### Try it
Repeat every line of the data exactly, but not the pictures.

### Data below
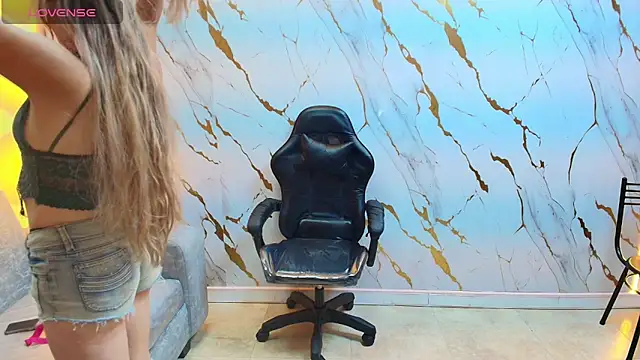 Summer tf online show from 04/15/26, 02:02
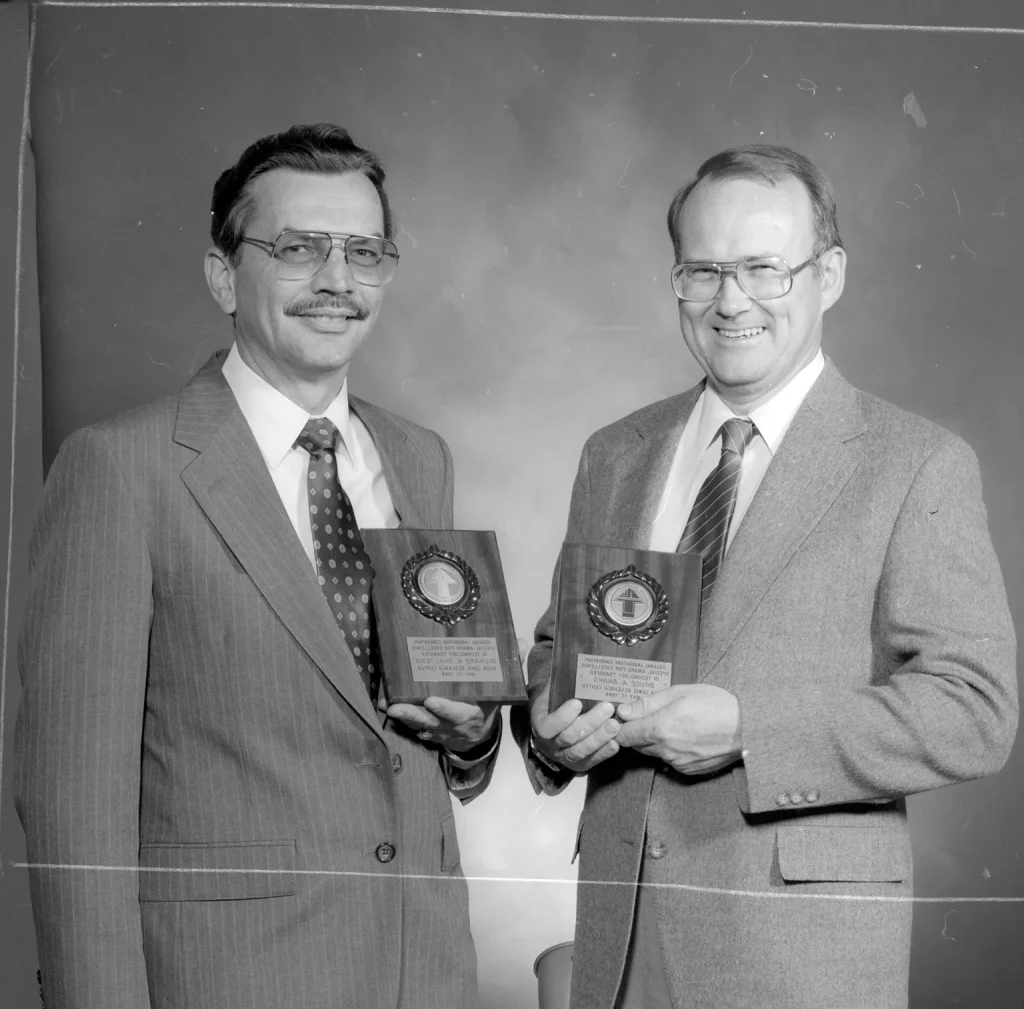 Pioneers of Aeronautical Engineering: Bruce Banks - The Man with Most Patents at NASA’s Glenn Center 12 grc 1988 c 05099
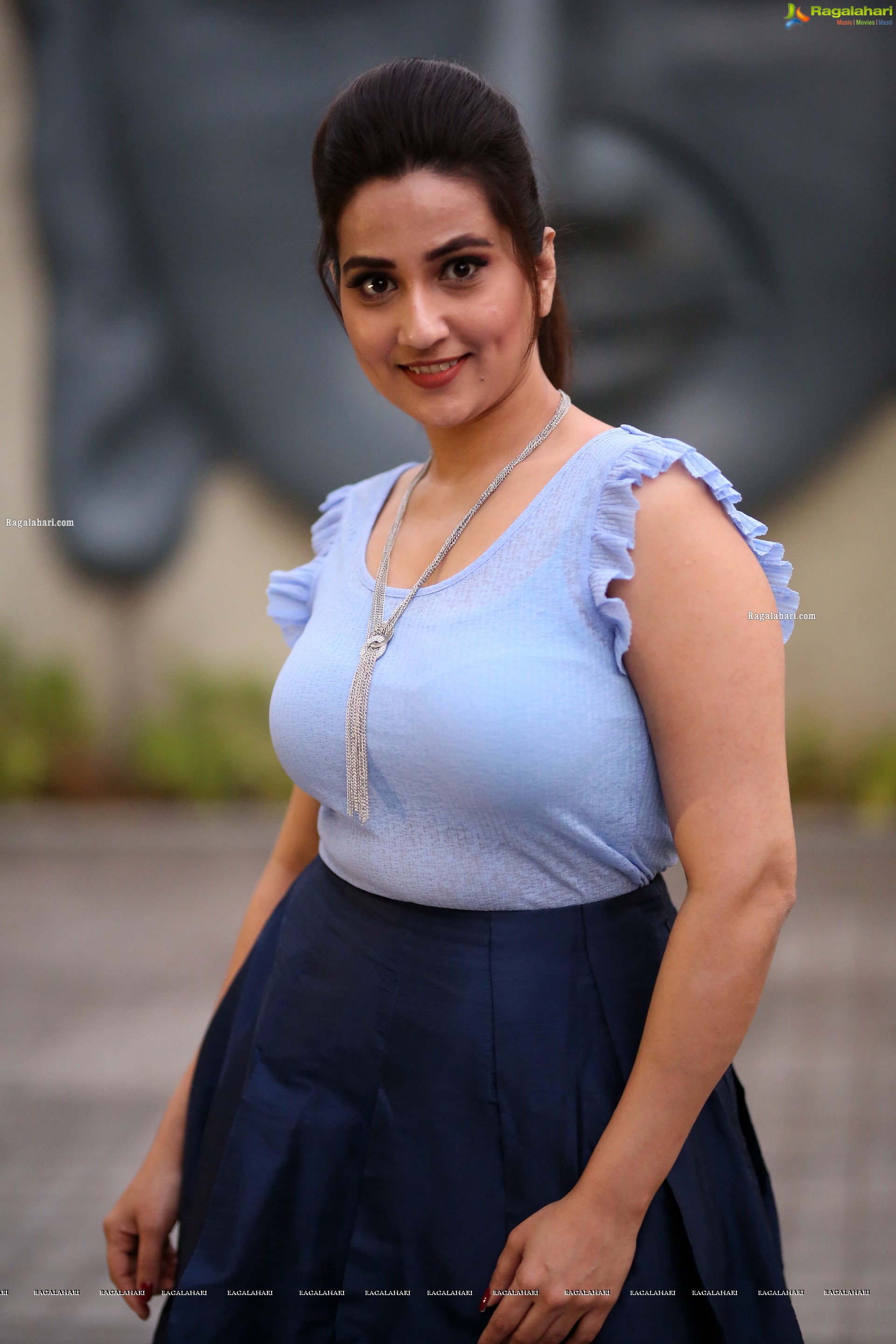 Manjusha @ Sarileru Neekevvaru Thanks Meet - HD Gallery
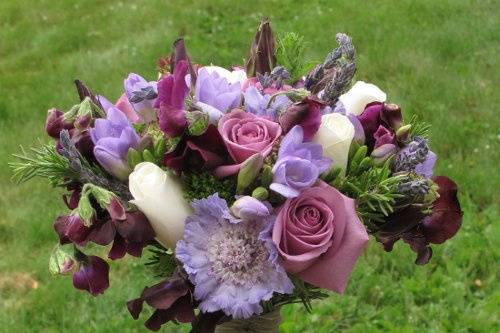Lavender and purple bridal bouquet by Alison Ellis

### Expected output
 Summer tf online show from 04/15/26, 02:02
 Pioneers of Aeronautical Engineering: Bruce Banks - The Man with Most Patents at NASA’s Glenn Center 12 grc 1988 c 05099
 Manjusha @ Sarileru Neekevvaru Thanks Meet - HD Gallery
Lavender and purple bridal bouquet by Alison Ellis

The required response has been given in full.